Il crollo del settore della grande distribuzione statunitense è arrivato dopo un periodo in cui aveva fatto molto meglio della media di mercato: dal 2 dicembre al 9 gennaio scorso l’S&P500 retail aveva accumulato un guadagno del 15% contro il 7% dell’S&P500. Ma i report e le dichiarazioni aziendali di giovedì 10 gennaio hanno spaventato i tanti investitori che erano rialzisti sul settore. Adrienne Yih, analista di Wolfe Research, ha detto che il 2018 potrebbe essere stata la stagione di punta per i rivenditori: un aumento del movimento nei centri commerciali era prevedibile in quanto si sarebbe confrontato con lo stesso periodo 2017 molto debole, in cui la domanda dei consumatori fu depressa.

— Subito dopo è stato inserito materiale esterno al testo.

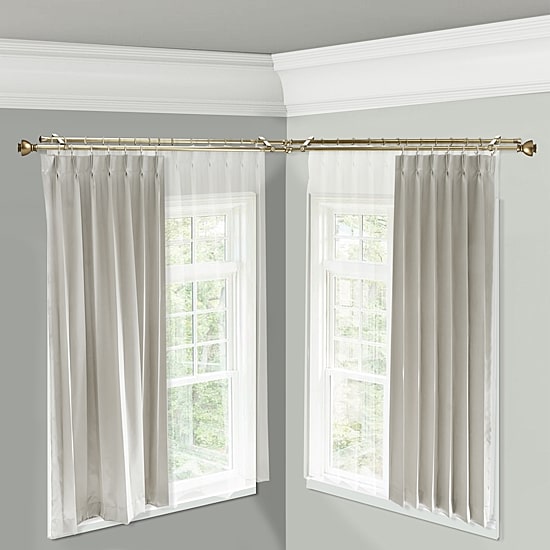 Rod Desyne Alma Corner Double Curtain Rod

MARGINI RIDOTTI E RISCHIO DI INDEBITAMENTO


Sempre secondo Adrienne Yih, i risparmi delle riforme fiscali sono stati reinvestiti dalle aziende del settore in incrementi retributivi e in maggiori spese di capitale, determinando un aumento dei costi fissi rispetto a prima della riforma fiscale. Un ambiente che tende a diminuire i margini e ad aumentare il rischio di indebitamento. Insomma, il dato sui nuovi posti di lavoro di dicembre e quello sull’incremento delle retribuzioni medie dei lavoratori non sono state certe delle buone notizie per le prospettive 2019 delle catene della grande distribuzione statunitense. Vedremo se i dati di vendite al dettaglio statunitensi di dicembre, che saranno resi noti domani, saranno in grado di fornire indicazioni più puntuali sulle ultime inclinazioni del consumatore americano.